DPD Usul Sempurnakan Hukum Acara MK
Utama

DPD Usul Sempurnakan Hukum Acara MK

Belum ada sanksi bagi pihak yang mengabaikan putusan MK yang bersifat final dan mengikat.

Oleh:
RFQ
Bacaan 2 Menit
Foto: RES
Foto: RES
Dewan Perwakilan Daerah (DPD) mengusulkan agar Mahkamah Konstitusi (MK) menyempurnakan hukum acaranya, termasuk putusan yang sudah diputus agar dilaksanakan. Bila tidak, MK dapat memberikan sanksi terhadap pembuat Undang-Undang, yakni DPR.

Hal itu disampaikan Anggota DPD I Wayan Sudirta dalam sebuah diskusi bertajuk “MD3 dan Proses Legislasi Model Tripatrit” di Gedung DPD, Jumat (12/9). “Saya mengusulkan supaya Mahkamah Konstitusi menyempurnakan hukum acaranya, supaya putusan MK bisa dieksekusi,” ujarnya.

Sejak revisi UU No. 27 Tahun 2009 disahkan menjadi UU No.17 Tahun 2014 tentang MPR, DPR, DPD dan DPRD (MD3) menuai protes. Tidak hanya dari Partai Demokrasi Indonesia Perjuangan (PDI-P), Koalisi Masyarakat Sipil, tetapi protes juga datang dari DPD. Ketiga elemen itu mengajukan uji materi UU No.17 Tahun 2014 dengan materi pasal yang berbeda.

Khusus DPD, mengajukan uji materi terkait dengan kewenangannya. Pasalnya, dalam putusan MK atas uji materi yang dimohon DPD terhadap UU No.27 Tahun 2009 mengamatkan DPR diberikan ruang dalam proses legislasi.

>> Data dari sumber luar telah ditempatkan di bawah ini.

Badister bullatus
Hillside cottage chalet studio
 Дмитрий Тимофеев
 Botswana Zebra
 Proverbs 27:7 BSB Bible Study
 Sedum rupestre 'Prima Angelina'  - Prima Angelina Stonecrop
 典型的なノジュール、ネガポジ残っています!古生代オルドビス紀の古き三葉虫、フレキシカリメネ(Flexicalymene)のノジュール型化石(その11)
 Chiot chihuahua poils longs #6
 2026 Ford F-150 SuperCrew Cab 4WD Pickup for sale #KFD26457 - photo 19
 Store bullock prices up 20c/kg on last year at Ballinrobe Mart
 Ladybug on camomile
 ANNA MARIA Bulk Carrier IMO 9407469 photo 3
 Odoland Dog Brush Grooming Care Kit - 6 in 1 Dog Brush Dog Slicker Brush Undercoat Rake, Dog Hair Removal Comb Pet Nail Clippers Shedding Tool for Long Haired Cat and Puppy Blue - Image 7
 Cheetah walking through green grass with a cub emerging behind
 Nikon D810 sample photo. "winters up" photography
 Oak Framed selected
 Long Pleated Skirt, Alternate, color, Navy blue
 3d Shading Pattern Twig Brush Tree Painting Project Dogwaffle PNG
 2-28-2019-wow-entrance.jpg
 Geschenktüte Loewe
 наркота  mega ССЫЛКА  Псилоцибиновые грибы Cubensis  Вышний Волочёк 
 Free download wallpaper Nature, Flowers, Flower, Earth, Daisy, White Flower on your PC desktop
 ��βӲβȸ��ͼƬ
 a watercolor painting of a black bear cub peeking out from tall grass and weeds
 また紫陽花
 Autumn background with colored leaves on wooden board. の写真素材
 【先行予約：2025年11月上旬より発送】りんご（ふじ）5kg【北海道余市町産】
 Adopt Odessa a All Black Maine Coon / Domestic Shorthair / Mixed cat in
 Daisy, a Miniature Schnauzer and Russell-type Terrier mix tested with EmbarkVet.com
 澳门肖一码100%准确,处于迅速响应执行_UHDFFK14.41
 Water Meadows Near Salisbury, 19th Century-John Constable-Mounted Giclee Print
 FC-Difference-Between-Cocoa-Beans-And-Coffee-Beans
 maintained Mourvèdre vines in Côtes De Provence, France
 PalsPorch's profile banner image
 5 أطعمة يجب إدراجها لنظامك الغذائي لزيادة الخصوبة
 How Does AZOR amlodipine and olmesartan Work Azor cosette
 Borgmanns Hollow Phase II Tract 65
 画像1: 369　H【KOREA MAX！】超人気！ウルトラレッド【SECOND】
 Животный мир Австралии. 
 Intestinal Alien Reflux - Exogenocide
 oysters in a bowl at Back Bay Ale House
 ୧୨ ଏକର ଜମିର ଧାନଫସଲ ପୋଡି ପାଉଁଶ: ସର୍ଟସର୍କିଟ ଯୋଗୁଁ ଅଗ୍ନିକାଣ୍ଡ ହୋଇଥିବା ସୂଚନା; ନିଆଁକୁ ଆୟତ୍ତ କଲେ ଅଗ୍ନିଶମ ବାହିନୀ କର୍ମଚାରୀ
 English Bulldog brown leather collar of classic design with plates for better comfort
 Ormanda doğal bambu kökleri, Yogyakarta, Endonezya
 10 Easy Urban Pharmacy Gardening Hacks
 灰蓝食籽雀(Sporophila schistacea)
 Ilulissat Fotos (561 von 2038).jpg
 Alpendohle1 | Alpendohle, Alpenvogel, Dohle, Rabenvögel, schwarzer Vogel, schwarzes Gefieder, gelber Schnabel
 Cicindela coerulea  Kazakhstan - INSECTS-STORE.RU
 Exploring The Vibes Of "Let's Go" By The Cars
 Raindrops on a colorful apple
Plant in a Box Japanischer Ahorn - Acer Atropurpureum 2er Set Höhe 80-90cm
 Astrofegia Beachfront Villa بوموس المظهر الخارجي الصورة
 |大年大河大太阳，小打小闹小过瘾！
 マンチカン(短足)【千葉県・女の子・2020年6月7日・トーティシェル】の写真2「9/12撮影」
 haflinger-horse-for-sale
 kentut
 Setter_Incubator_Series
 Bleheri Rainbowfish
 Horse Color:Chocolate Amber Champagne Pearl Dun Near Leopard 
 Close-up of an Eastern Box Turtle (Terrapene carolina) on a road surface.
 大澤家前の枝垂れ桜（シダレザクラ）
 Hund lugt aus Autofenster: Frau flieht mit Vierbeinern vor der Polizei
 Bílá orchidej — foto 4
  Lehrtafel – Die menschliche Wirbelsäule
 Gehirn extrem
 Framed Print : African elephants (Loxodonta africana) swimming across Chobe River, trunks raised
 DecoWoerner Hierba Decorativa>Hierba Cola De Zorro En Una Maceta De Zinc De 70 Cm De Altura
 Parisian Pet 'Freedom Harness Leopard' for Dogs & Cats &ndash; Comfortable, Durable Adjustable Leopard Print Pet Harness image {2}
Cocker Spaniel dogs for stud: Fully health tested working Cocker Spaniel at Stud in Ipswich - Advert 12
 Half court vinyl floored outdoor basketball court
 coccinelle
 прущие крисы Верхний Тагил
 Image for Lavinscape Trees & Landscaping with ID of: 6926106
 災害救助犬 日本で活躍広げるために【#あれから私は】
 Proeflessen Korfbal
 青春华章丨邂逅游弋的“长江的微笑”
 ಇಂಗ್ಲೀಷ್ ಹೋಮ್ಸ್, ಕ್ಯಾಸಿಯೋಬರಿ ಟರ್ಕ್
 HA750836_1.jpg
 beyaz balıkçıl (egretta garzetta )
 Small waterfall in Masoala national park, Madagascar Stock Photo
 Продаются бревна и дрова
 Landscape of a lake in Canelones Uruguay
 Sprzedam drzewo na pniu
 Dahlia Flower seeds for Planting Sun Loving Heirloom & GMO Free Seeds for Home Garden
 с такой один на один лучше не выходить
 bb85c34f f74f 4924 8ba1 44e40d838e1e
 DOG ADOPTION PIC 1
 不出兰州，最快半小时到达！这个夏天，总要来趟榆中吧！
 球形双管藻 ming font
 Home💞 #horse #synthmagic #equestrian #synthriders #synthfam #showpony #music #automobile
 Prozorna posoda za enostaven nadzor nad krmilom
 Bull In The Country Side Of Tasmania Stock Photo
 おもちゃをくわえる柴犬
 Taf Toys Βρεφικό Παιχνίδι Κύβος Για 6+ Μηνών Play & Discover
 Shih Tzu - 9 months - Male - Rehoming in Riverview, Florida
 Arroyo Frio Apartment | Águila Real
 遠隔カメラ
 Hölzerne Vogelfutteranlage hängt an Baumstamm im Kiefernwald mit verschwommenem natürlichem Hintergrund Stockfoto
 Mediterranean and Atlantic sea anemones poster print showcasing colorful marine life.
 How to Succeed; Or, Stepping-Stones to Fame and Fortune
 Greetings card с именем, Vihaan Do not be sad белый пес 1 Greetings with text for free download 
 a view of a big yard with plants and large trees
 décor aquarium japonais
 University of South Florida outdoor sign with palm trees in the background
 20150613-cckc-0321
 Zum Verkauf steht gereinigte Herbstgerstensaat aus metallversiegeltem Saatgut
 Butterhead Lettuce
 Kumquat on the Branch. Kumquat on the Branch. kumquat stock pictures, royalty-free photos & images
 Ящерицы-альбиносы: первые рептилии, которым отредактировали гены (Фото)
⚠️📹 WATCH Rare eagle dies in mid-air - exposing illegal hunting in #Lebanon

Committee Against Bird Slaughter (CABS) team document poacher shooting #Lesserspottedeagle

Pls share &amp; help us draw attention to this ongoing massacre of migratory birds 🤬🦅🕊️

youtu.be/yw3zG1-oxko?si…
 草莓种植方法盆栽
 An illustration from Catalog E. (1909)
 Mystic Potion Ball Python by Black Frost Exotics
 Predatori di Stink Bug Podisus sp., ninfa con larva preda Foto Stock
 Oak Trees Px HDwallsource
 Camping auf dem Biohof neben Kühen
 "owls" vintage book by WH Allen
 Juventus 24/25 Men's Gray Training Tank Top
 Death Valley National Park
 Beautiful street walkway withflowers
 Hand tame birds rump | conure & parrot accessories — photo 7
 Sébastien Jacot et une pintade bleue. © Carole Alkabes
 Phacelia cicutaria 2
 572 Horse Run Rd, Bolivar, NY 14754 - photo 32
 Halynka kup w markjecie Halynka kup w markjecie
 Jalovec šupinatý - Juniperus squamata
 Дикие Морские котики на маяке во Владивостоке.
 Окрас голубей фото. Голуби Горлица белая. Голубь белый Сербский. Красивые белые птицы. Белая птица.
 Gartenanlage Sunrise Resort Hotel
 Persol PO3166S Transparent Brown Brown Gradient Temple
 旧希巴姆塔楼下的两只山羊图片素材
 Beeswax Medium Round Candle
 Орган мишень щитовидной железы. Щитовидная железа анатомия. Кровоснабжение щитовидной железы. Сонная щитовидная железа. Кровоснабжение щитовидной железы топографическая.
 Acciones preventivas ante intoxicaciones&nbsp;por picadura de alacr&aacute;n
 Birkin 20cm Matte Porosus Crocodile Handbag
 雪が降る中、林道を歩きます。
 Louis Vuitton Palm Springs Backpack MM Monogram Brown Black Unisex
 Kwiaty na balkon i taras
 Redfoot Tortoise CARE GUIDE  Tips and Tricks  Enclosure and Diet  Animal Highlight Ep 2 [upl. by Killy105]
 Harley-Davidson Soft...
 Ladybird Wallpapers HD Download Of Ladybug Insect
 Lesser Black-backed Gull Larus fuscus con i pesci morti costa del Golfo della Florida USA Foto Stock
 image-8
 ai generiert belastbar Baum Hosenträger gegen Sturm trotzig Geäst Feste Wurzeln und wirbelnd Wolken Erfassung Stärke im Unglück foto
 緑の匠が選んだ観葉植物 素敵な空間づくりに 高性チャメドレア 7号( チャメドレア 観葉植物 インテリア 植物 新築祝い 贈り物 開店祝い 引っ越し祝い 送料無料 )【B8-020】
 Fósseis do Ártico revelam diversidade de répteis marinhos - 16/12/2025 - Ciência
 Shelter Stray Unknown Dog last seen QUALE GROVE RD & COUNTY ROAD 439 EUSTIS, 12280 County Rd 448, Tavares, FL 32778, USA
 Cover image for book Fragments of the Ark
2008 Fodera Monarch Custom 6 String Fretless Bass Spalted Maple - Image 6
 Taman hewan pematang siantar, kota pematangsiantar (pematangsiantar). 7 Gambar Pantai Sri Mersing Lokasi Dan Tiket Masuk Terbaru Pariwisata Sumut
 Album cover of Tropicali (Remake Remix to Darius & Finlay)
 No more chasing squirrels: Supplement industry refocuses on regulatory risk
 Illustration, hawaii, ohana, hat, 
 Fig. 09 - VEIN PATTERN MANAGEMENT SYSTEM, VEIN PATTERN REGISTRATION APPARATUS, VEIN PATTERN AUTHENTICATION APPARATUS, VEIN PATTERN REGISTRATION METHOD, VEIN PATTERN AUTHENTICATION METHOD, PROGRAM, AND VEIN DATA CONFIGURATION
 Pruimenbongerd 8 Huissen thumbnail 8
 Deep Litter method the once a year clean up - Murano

Pertama, mengusulkan rancangan undang-undang. Kedua, ikut dalam pembahasan UU. Ketiga, ikut serta dalam proses penyusunan program legislasi nasional (Prolegnas). Namun, dalam Pasal 256 huruf b UU No.17 Tahun 2014 hanya membatasi pembahasan RUU tertentu.

Pasal 256 huruf b menyatakan, “Ikut membahas rancangan undang-undang yang berkaitan dengan otonomi daerah, hubungan pusat dan daerah, pembentukan, pemekaran dan penggabungan daerah, pengelolaan sumber daya alam dan sumber daya ekonomi lainnya, serta perimbangan keuangan pusat dan daerah”.

“Bagaimana dengan pemmbahasan RUU Kelautan yang kami usulkan, kalau digunakan UU MD3 maka kami tidak bisa ikut pembahasan,” ujarnya.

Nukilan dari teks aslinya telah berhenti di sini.